Indeed the terms of the transmission licences appear to have been designed almost entirely to attract investors at the expense of securing a good deal for consumers. Licensees and their investors are provided with a guaranteed income, increasing annually in line with RPI, for 20 years regardless of the extent to which the assets are used.
Future payments to licensees are estimated at around £17 billion, and this will ultimately be funded by customers who could well end up paying higher electricity prices. At the same time, the most operators can be fined if their facilities are not available and working is just 10% of their income in any one year. Furthermore, investors do not have to share any gains made through debt refinancing or excessive equity profits.
The Department and the Authority told us their aim was to develop a competitive market for offshore electricity transmission but the reality is that the first six licences were won by just two companies.
In setting up this new market the Department and Authority ignored vital lessons from previous government experience of PFI, such as the need to share refinancing gains, and it is shocking that the Treasury allowed it to proceed.
The Treasury's defence, that it did not want to introduce any limitations on investors, does not cut it. It used a similar argument in relation to early PFI deals, only to reverse its position later. The Treasury must ensure that lessons from PFI are passed on and applied across government."
Margaret Hodge was speaking as the Committee published its 20th Report of this Session. The Committee had taken evidence from the Department of Energy and Climate Change, the Gas and Electricity Markets Authority, and industry representatives on the new licensing regime for offshore electricity transmission.
The Department for Energy and Climate Change (the Department) estimates that offshore wind farms have the potential to contribute 8-15% of electricity by 2020. This will require a large investment in offshore infrastructure, including around £8 billion of investment in transmission assets (offshore platforms, cables and onshore substations) to bring electricity from offshore wind farms onshore to the national electricity grid.
The Department and the Gas and Electricity Markets Authority (the Authority) have introduced an elaborate regime that licences operators of offshore electricity transmission assets following competitions. The terms of the transmission licences awarded so far appear heavily skewed towards attracting investors rather than securing a good deal for consumers.
The transmission operators receive their income from the National Grid which recovers its costs from electricity suppliers and generators. Although all concerned state that no public funds are directly involved, the future payments to licensees, which will amount to around £17 billion, will in fact be passed onto consumers through electricity bills.
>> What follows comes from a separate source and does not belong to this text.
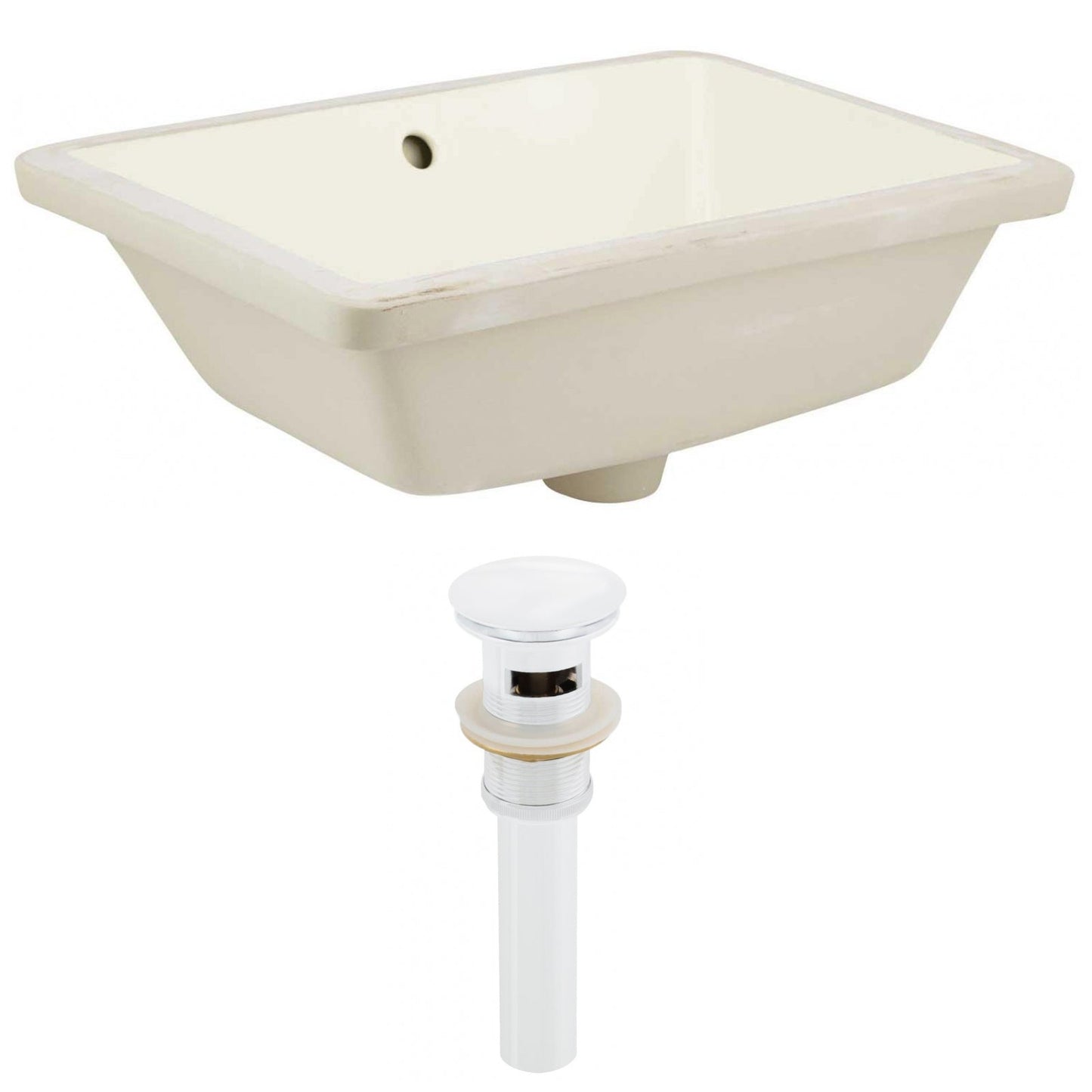 American Imaginations AI-24805 18" Biscuit Rectangular Ceramic Undermount Bathroom Sink Set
The investors' estimated returns of 10-11% on the initial licences look extremely generous given the limited risks the investors bear. Licensees are guaranteed a fully retail price index-linked income for 20 years regardless of the extent to which assets are used. Yet penalties are limited to 10% of expected income in any one year if the operators fail to provide the transmission facilities when required. Despite the lessons from the PFI market the Government has failed to ensure that gains secured, for example, from debt refinancing are shared. The Department and the Authority must also ensure that the offshore electricity transmission market remains competitive and does not become an oligopoly both at the bidding stage and if and when initial investors sell shares to long term investors.